Tuesday, August 11, 2015

Review: Newport by Jill Morrow

The publisher calls this "A skillful alchemy of social satire, dark humor, and finely drawn characters".  It certainly fills that bill.

Up front, Newport is one of my favorite cities.  My husband and I met there, and subsequently spent several years living there.  We returned there about a year ago for a short reunion trip after an absence of almost 20 years.  It's still glittering, glamorous, and filled with sights, sounds and smells of the ocean, although now one drives across a huge bridge rather than riding the ferry across to Aquidneck Island as we well remember.

Jill Morrow captures that atmosphere using the clever scheme of alternating views from 1898 and the roaring 1920's.   Her main characters, adults who come together to observe a rather unorthodox wedding/will signing, find themselves immersed in contact with other-worldly characters from the past.

In short, the wedding to be celebrated is one that has been directed by the octogenarian groom-to-be's long-deceased first wife, who appears to the prospective bride's "niece" commanding that this wedding must take place forthwith, and that a new will must be signed immediately, leaving all the groom's sizeable estate to the new bride.  Since this essentially cuts the two adult children of the first marriage out of the inheritance, there is some family tension being generated by the interloping new bride.

To add even more mystery, the groom's attorney, who has journeyed from Boston to draw up the new will, appears to have been previously involved somehow with the potential bride.   There's lots of mystery, several seances, plenty of period fluff scenes of stereotypical rich folks enjoying their inheritances, and spending their considerable wealth on frivolity and ostentatious "summer cottages".

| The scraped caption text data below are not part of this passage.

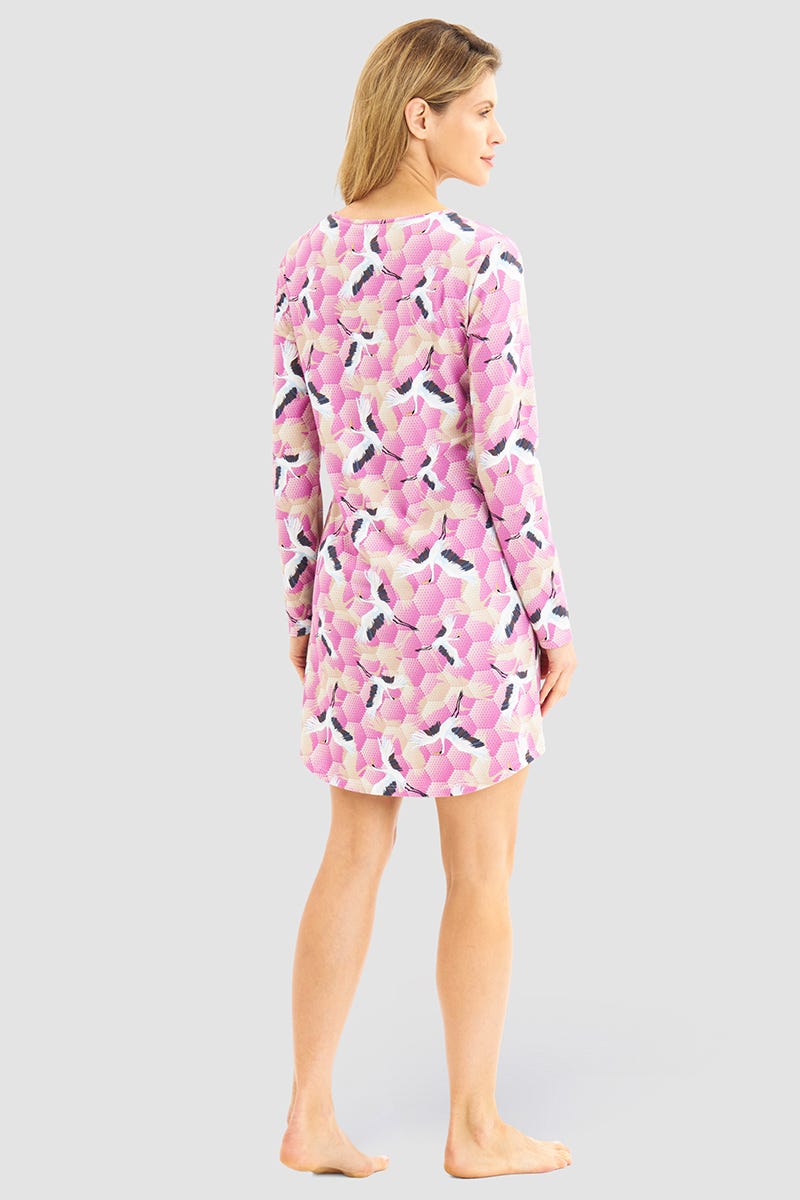Rückansicht von Nachthemd im Kranich-Druck Baumwolle/Elasthan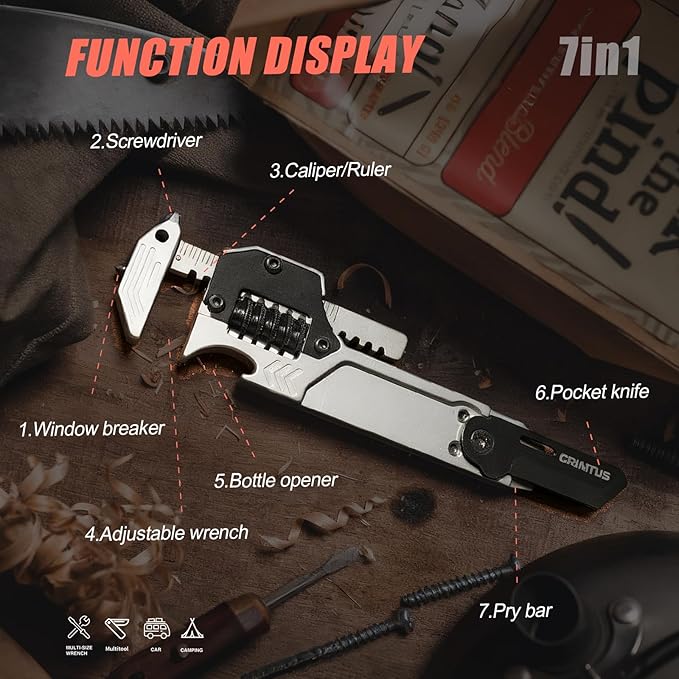EDC Gear Multitool 7 in-1 Multi Tool with Wrench Bottle Opener Car Window Breaker Pry Bar Flat Phillips Screwdriver EDC Tools for Cycling Maintenance Outdoor Household Repairs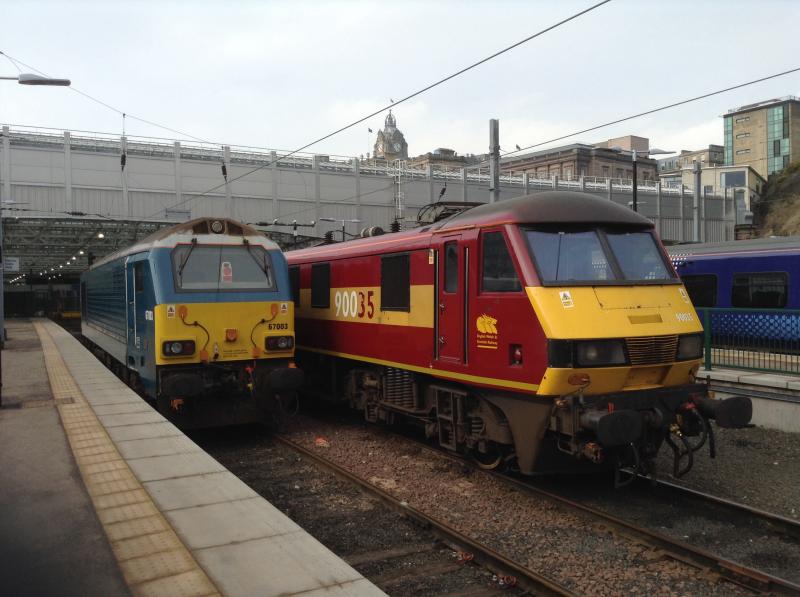 Class 90: Class 90 90035 and Class 67 67003 at Edinburgh Waverley on Friday 13/02/15 Photo of Class 90
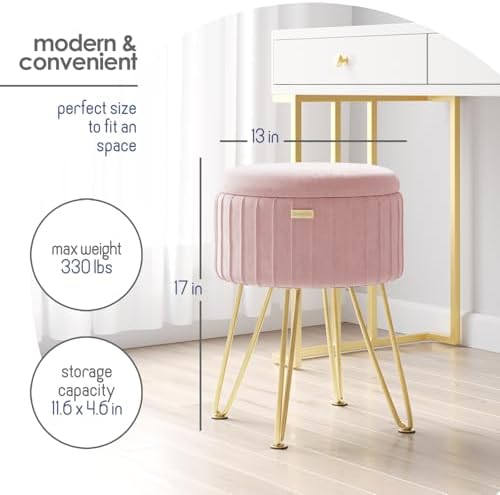 Round Ottoman with Storage, Pleated Velvet Storage Ottoman, Foot Stool Ottomans, Makeup Vanity Stool, Small Ottomans Foot Rest, Modern Vanity Stools for Living Room and Bedroom, Pink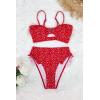 imageSouqFone Womens Bikini Set Floral Print Cutout Ruffles Back Hook Closure Two Piece Swimsuits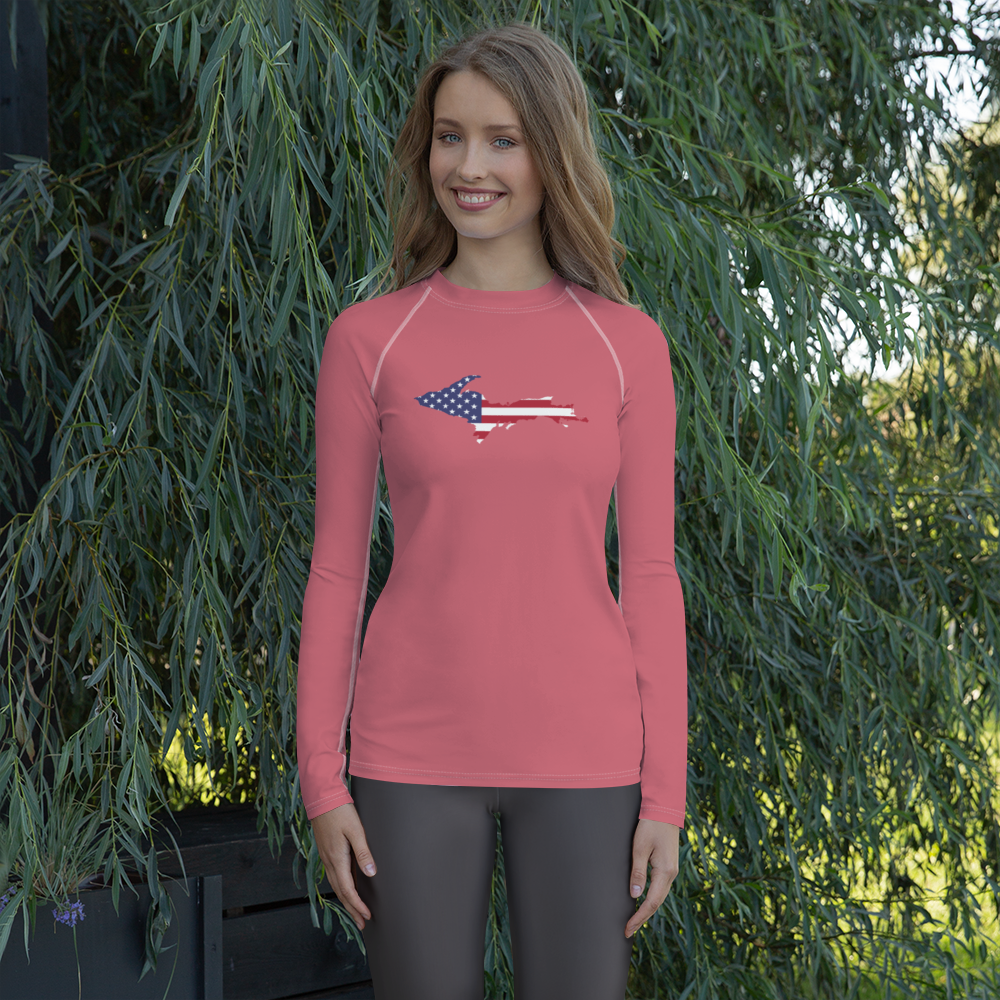 Michigan Upper Peninsula Rash Guard (w/ UP USA Flag) | Men's - Watermelon Pink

It's a well-drawn period piece.  The setting is spot-on, but the characters are a bit over the top for my taste, and the story is way too melodramatic.  That said, it's been a wonderful summertime read, and one that should be quite popular to readers of romance/historical fiction.

Title: Newport: A Novel
Author: Jill Morrow
Publisher: William Morrow Paperbacks (2015), 384 pages
Genre: Romance, historical fiction
Subject: Seances, family secrets
Setting: Newport Rhode Island
Source: Review copy from the publisher 
Why did I read this book now? I received a copy in connection with the Early Review program on LibraryThing.com and promised a review.